A Would-Be Hegemon Flailing in a Multipolar World
JEFFREY SACHS: This has been simply a deinstitutionalized process, not competent people, and with an objective which is impossible to achieve. And the objective is a hegemon, a would-be hegemon that has lost a tremendous relative amount of power and influence, flailing around to protect its dominance. And that is the story of Ukraine. It’s the story of China, and it’s the story of Iran in three different cases, each one of which is the assertion by these amateurs in a failed process that the United States can simply pound its way through anything.
And this is Trump’s M.O. until this moment, which is, “I make the demands, and the other side folds.” None of it works. He was going to settle the Ukraine war in a phone call. He was going to show China who’s who. He was going to choose the next leader of Iran. So that’s a personal-level delusion. It’s an institutional failure. And the backdrop is a failure of the United States to recognize a multipolar world. That’s the fundamental failure, because if there was the overarching idea, “Hey, we have to deal with other people, we have to deal with other governments,” you’d have already a different kind of response.
But the basic point is, “We don’t have to deal with anybody. We’re the United States of America. We have the most powerful military in the history of the world. We can do what we want. They’ll fold. I demand 100%, not 95%.” All of the backdrop thinking comes from the broader structural factor of a decline of U.S. relative power. But then it runs through this collapse of our governmental processes, the corruption of Washington politics, and at this point, the personalization of decision-making.

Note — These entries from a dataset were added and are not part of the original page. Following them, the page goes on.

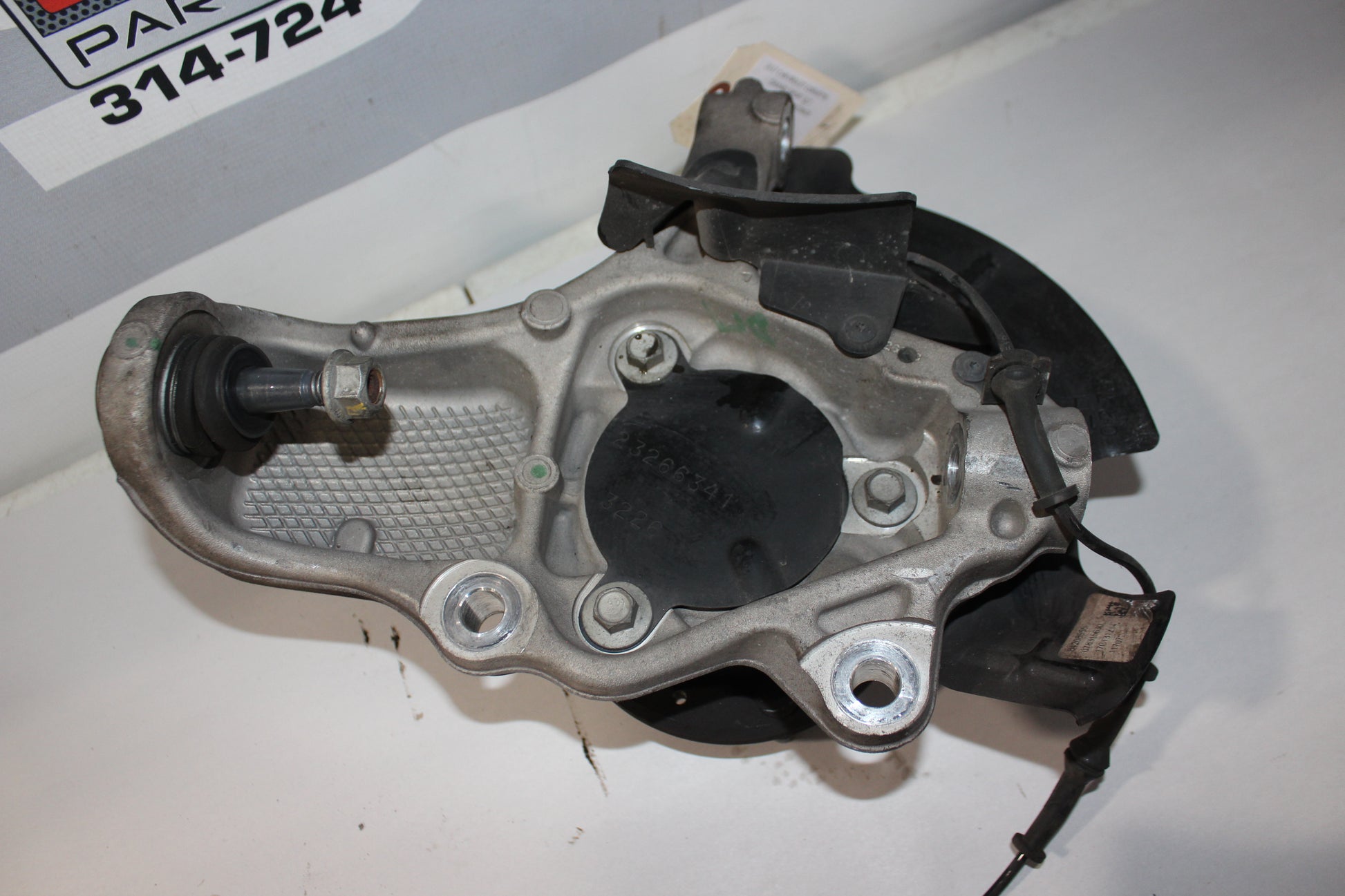 2017 Chevy Corvette Grand Sport 2LT Front LH Driver Spindle Hub OEM - Day's Parts Yard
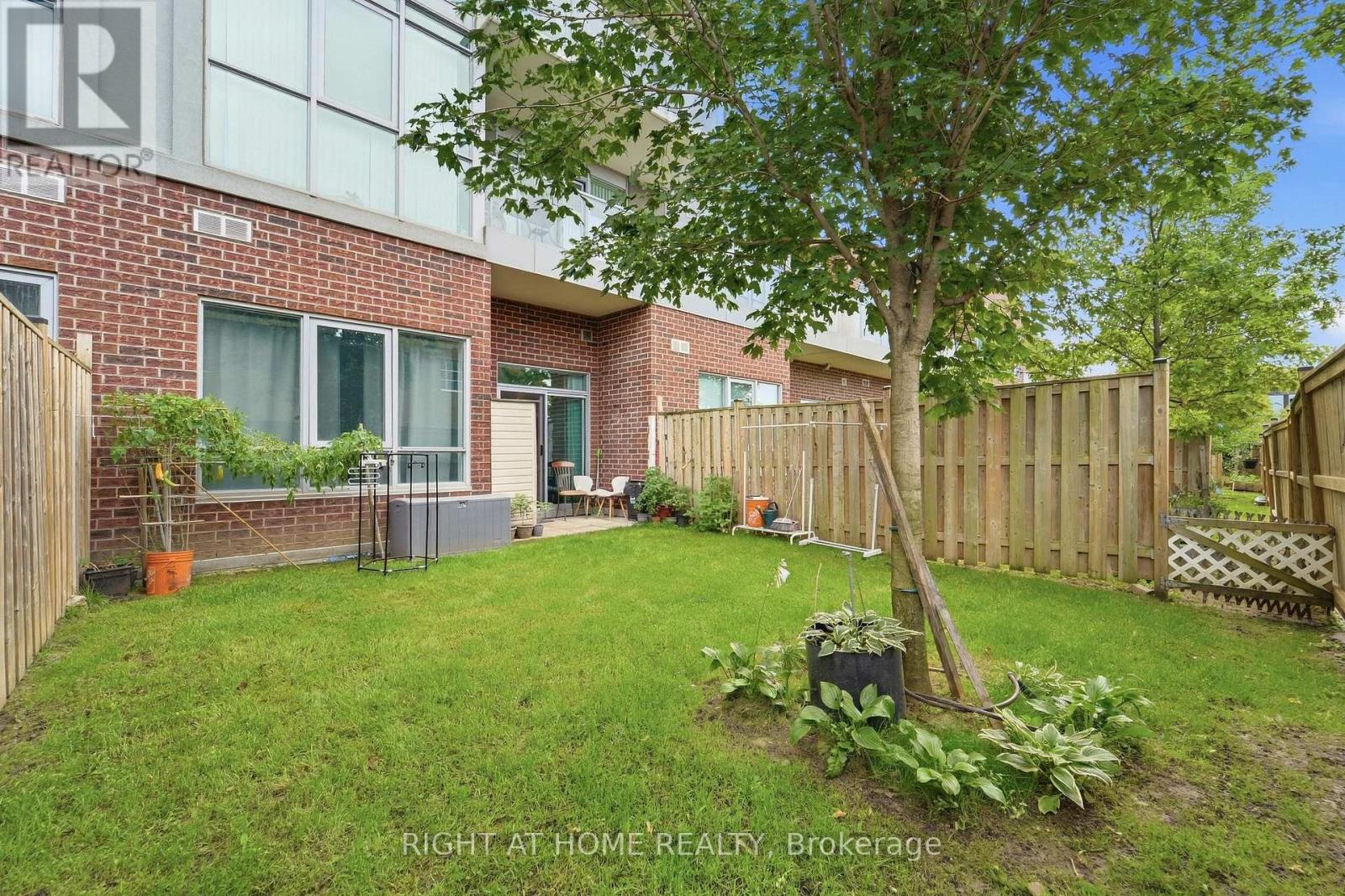104 - 1328 Birchmount Road Property Photo 3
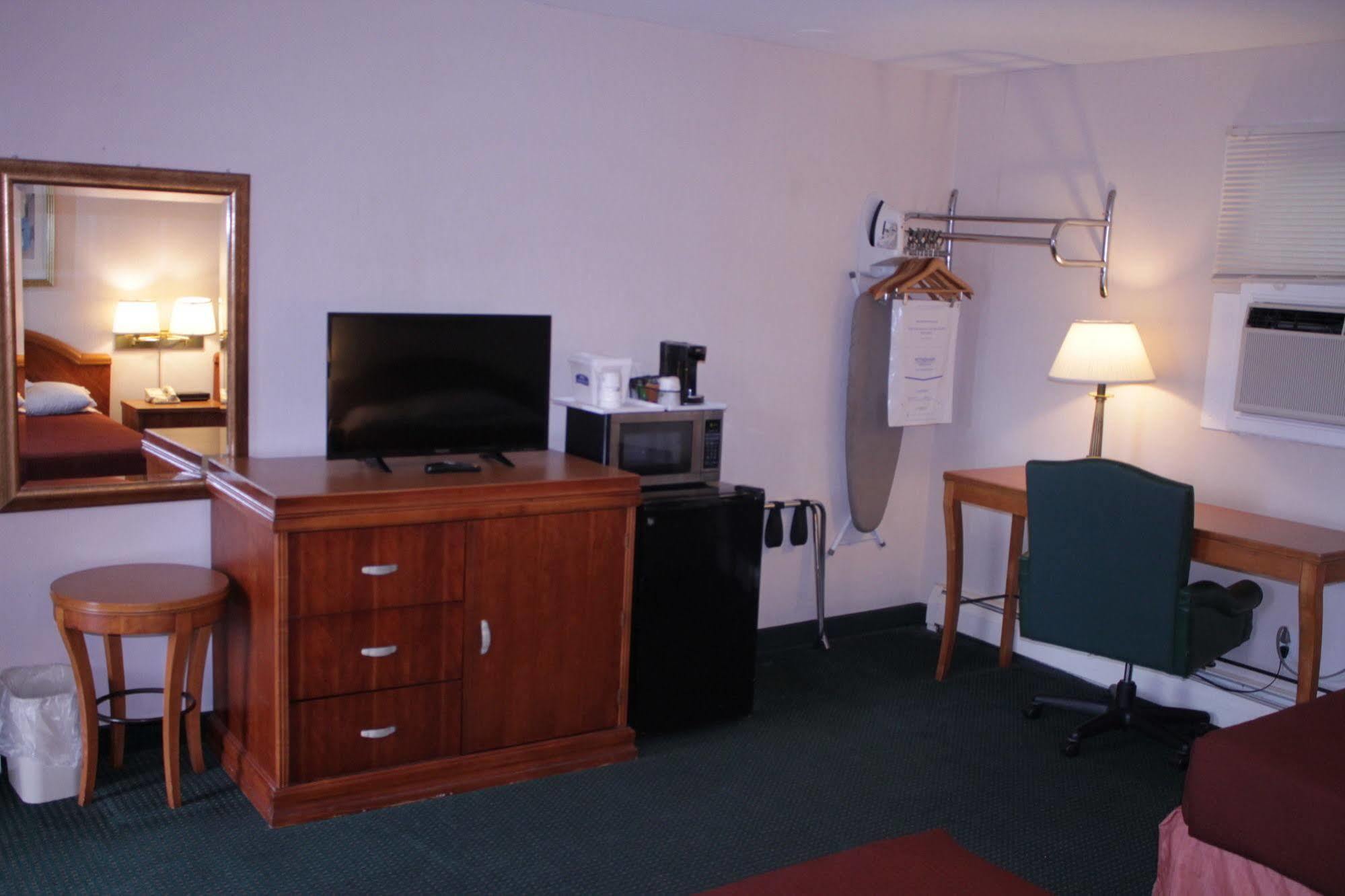 Howard Johnson By Wyndham Williamstown Buitenkant foto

The Decline of Empires and the Resistance to Reform
GLENN DIESEN: Well, through history, one often sees that large empires, they often build these complex bureaucracies. Then when they come in decline, you see this bureaucracy becoming slow, corrupt, and also very hesitant to, or resistant to, reform. And the elite competition, it continues to intensify. So it’s not unprecedented, but I’m not sure where this is going, to be honest.
JEFFREY SACHS: Yeah, in the U.S. case, just to say, the U.S. bureaucracy has always been less of a structure in most of the government than in other governments because of this very high turnover and politicization of the senior levels. The one place where that’s basically not true has been the CIA, which is a core to U.S. foreign policy, which has been structured. And you put in a director who was quickly, quickly owned by the rest of the organization. So the deep state has been there.
But for what’s happening now, it’s people like Hegseth or Lutnick or Trump really making decisions. They happen to be awful and ignorant and unstable, delusional, but they’re really making decisions. So that is, actually, the surprise, as it were.
GLENN DIESEN: Well, thank you for taking time. I know you have a busy day there, so thanks.
JEFFREY SACHS: Great, great to be with you. Good, thanks a lot. Bye-bye.